The descendants of the first pair follow in the same cycle. When each is old enough to know the difference between good and evil, then by each’s choice he follows the lust of his heart and is lost, separated from God. But the reason James brings it up is as a warning to those who are already Christians not to be trapped into the same cycle.

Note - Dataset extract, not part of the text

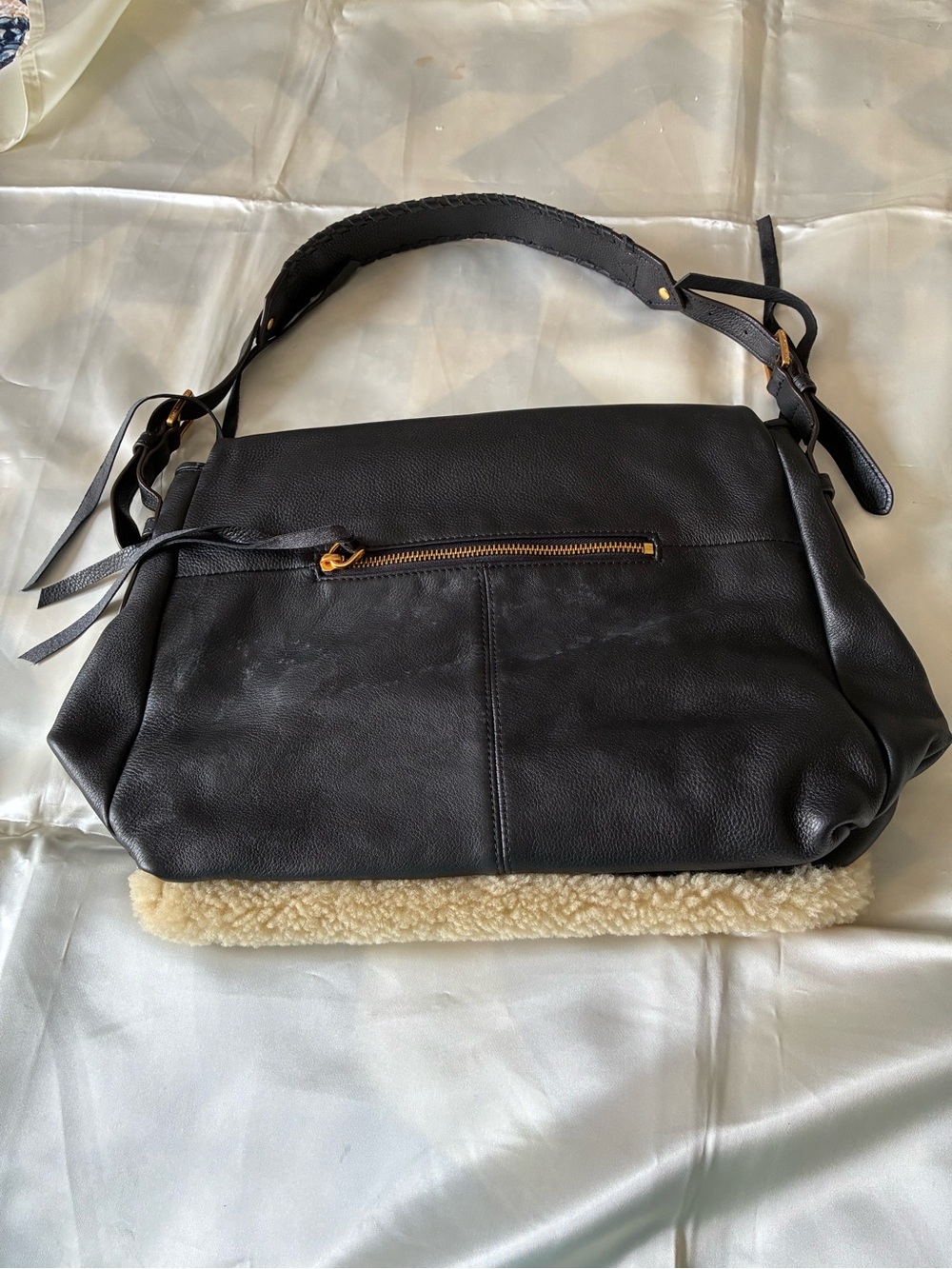 Aimee Kestenberg boho Bali natural shearling shoulder bag - Picture 3 of 9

“The scripture cannot be broken,” said Jesus. God is good, His word is good, and He keeps His good word. “For His lovingkindness is everlasting” (Psalm 136:2).



Real First Fruits

“Do not suppose,” said John the Immerser to Pharisees and Sadducees coming to him for immersion, “that you can say to yourselves, ‘We have Abraham for our father.’ ” The Jewish hierarchy in particular prided itself upon its physical lineage, maintaining essentially that God would bring them into heaven simply because they were of Israel according to the flesh. The Immerser warned them, however, in elevated tones: “God is able from these stones to raise up children to Abraham” (Matthew 3:9). The apostle Paul, thinking of how God would bring children of Abraham into existence from the ranks of the Gentiles, used this terminology, speaking of God, “who gives life to the dead and calls into existence that which does not exist” (Romans 4:17). “And if you belong to Christ,” he asseverated, “then you are Abraham’s offspring, heirs according to promise” (Galatians 3:29). Through Christ the Almighty was going to bring into existence a people “born from above,” a spiritual people fit to walk with Him and fellowship with Him.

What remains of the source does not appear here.